# Hacker News Pipeline

In this guided project, from a JSON API, we will filter, clean, aggregate, and summarize data in a sequence of tasks that will apply these transformations for us.

The data we will use comes from a Hacker News (HN) API that returns JSON data of the top stories in 2014. Hacker News is a link aggregator website that users vote up stories that are interesting to the community. It is similar to Reddit, but the community only revolves around on computer science and entrepreneurship posts.

The data used for the project includes a list of JSON posts in a file called *hn_stories_2014.json*. The JSON file contains a single key stories, which contains a list of stories (posts). Each post has a set of keys, but we will deal only with the following keys:

- **created_at**: A timestamp of the story's creation time.
- **created_at_i**: A unix epoch timestamp.
- **url**: The URL of the story link.
- **objectID**: The ID of the story.
- **author**: The story's author (username on HN).
- **points**: The number of upvotes the story had.
- **title**: The headline of the post.
- **num_comments**: The number of a comments a post has.

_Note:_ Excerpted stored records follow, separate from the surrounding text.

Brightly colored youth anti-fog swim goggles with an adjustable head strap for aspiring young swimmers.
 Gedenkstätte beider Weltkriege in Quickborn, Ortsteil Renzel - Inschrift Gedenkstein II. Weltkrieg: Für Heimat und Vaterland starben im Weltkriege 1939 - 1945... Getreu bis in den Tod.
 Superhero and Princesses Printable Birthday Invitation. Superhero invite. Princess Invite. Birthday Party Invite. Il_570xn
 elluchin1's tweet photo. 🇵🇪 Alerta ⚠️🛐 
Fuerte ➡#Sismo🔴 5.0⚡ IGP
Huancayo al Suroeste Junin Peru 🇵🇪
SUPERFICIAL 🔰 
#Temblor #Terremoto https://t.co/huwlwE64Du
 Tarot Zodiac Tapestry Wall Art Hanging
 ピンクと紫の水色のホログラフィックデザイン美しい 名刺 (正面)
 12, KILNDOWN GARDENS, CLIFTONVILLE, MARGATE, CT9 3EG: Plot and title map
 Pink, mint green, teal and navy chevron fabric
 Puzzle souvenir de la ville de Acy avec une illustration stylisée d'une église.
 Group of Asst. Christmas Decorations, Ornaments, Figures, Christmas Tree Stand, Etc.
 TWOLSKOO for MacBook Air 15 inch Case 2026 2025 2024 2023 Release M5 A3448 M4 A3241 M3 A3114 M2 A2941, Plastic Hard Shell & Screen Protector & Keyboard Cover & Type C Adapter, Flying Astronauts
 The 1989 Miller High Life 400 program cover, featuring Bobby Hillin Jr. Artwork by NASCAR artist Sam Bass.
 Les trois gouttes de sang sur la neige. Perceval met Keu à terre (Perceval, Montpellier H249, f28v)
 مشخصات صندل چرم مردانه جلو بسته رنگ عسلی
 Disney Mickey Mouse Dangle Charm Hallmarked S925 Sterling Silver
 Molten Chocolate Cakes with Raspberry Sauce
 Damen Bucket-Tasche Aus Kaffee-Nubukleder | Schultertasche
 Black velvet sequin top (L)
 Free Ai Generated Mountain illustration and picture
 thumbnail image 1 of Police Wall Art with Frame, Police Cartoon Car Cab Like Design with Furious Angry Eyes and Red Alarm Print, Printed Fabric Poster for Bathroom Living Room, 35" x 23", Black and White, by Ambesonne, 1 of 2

Using this dataset, we will run a sequence of basic natural language processing tasks using our Pipeline class. The goal will be to find the top 100 keywords of Hacker News posts in 2014. Because Hacker News is the most popular technology social media site, this will give us an understanding of the most talked about tech topics in 2014!

## Introduction to the Data

In [10]:
from datetime import datetime
import json
import io
import csv
import string

from pipeline import build_csv, Pipeline
from stop_words import stop_words

pipeline = Pipeline()

## Loading the JSON data

In [11]:
# Create a task function that takes no argument
@pipeline.task()
def file_to_json():
    with open('hn_stories_2014.json', 'r') as f:
        data = json.load(f)       # load json file in a dict
        stories = data['stories'] # return the list of stories
    return stories

## Filtering the stories

Like any social link aggregator site, individual users can post whatever content they want. The reason we want the most popular stories is to ensure that we select stories that were the most talked about during the year. We can filter for popular stories by ensuring they are links (not *Ask HN* posts), have a good number of points, and have some comments.

In [12]:
# Create a task function that depends on the file_to_json() function
@pipeline.task(depends_on=file_to_json)

# Filter popular stories that have 
# more than 50 points, more than 1 comment, and do not begin with Ask HN
def filter_stories(stories):
    def is_popular(story):
        return story['points'] > 50 and story['num_comments'] > 1 and not story['title'].startswith('Ask HN') 
    # Return a generator of these filtered stories
    return (story for story in stories if is_popular(story)) 

## Converting to CSV

With a reduced set of stories, it's time to write these dict objects to a CSV file. The purpose of translating the dictionaries to a CSV is that we want to have a consistent data format when running the later summarizations. By keeping consistent data formats, each of your pipeline tasks will be adaptable with future task requirements.

In [13]:
# Create a task function that depends on the filter_stories() function
@pipeline.task(depends_on=filter_stories)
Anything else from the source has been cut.